OTTAWA, Ontario — Pascal Dupuis is more than just captain Sidney Crosby's other winger for the Penguins.

He is the superglue that binds together a team that has shown remarkable resiliency in the face of adversity over the past four seasons.

Losing him could leave a bruise so deep it sticks.

Dupuis was injured on his second shift in a 5-0 loss to the Ottawa Senators on Monday night at Canadian Tire Centre.

His leg buckled inward when he was struck by Crosby, who was upended by a hip-check from Senators defenseman Marc Methot.

Dupuis, while kneeling behind the Senators net after crashing into the boards, twice tapped his right knee with his glove upon being checked by a referee.

He was helped to the training room by two teammates and did not return.

Ligament damage initially was feared by the Penguins.

“Right now, I'm just hoping it's not a severe injury,” coach Dan Bylsma said.

Dupuis, who also narrowly missed being cut near the face by one of Crosby's skate blades, will be re-evaluated by Penguins doctors in Pittsburgh, Bylsma said. He was not available for comment, per club policy on injured players.

The NHL begins a three-day Christmas break Tuesday. The Penguins (27-11-1, 55 points) enter it with the Eastern Conference's best record despite spending the past five weeks with no fewer than five regulars out of the lineup for every game.
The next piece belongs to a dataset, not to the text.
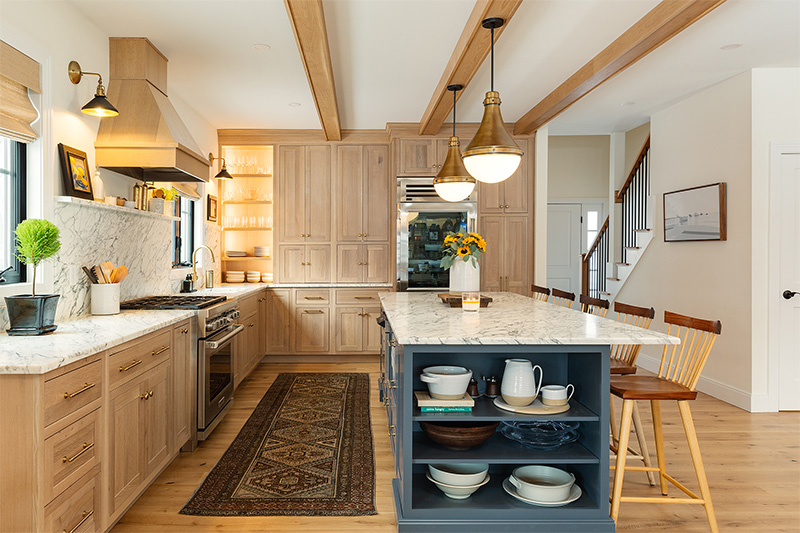 Recently installed kitchen with custom cabinetry by Plaistow Cabinet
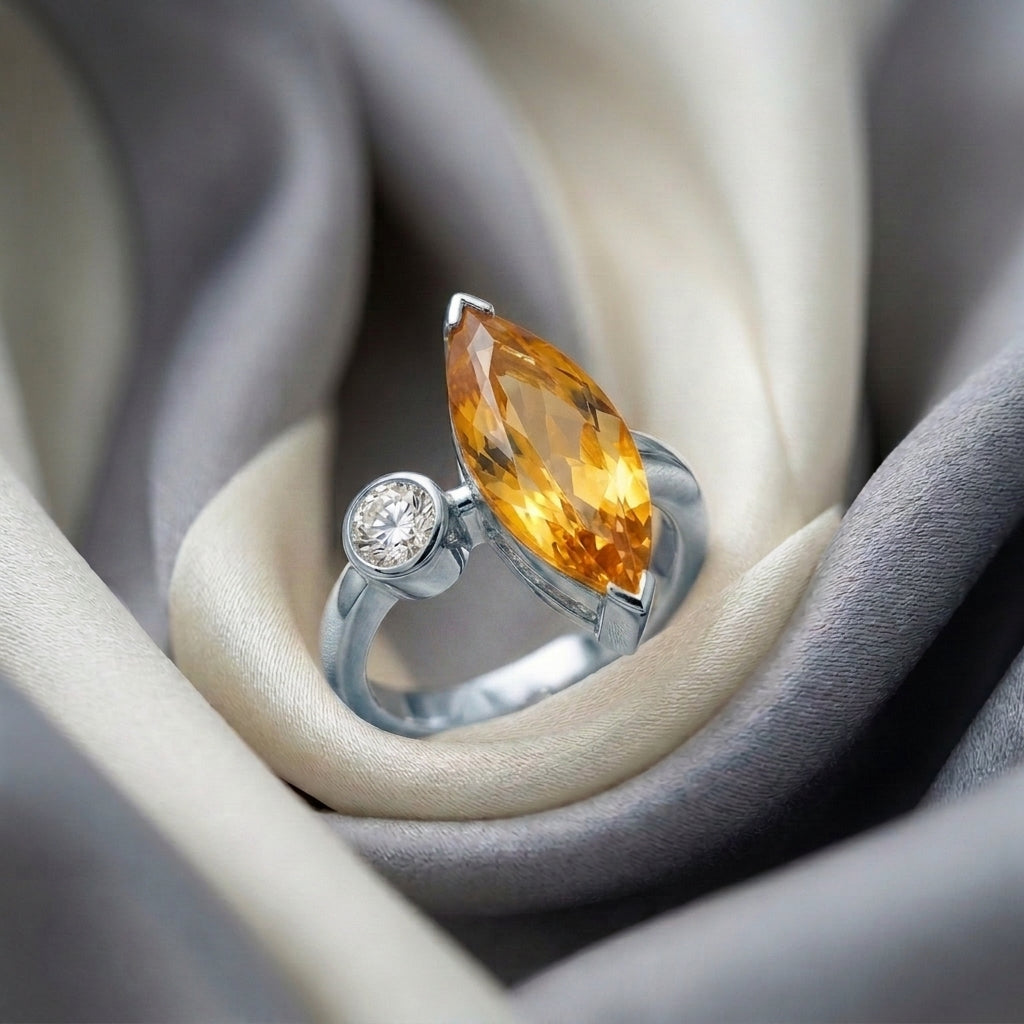 Natural Citrine Marquise Ring in 925 Sterling Silver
Dupuis joins an injured group that includes center Evgeni Malkin, wingers Beau Bennett and Tanner Glass, and defensemen Rob Scuderi, Paul Martin, Brooks Orpik and Kris Letang.

“You might feel sorry for yourself if it happened in the playoffs,” winger Craig Adams said. “It's a lot to deal with, but there's no sense feeling sorry for yourself. We'll be fine.”

Added Bylsma: “I don't think shaking my head has helped.”

Glass, who is in his seventh NHL season, said he never has experienced an injury situation such as this one for the Penguins, who began Monday at first in the NHL with 200 man games lost to injury. The Penguins play at Carolina on Friday night.

They will look to get back on track after the Senators' snapped their seven-game winning streak and handed them only a third regulation loss on a 15-3-1 run since Nov. 16 — about when the injuries started piling up.

Centers Zack Smith and Kyle Turris, wingers Bobby Ryan and Cory Conacher and defenseman Erik Karlsson scored for the Senators.

The Penguins had not been shut out on the road since Feb. 1, 2012, a 1-0 loss at Toronto — a span of 57 games.

Crosby's 10-game point streak was halted by the Senators, and the Penguins' top-ranked power play went 0 for 7.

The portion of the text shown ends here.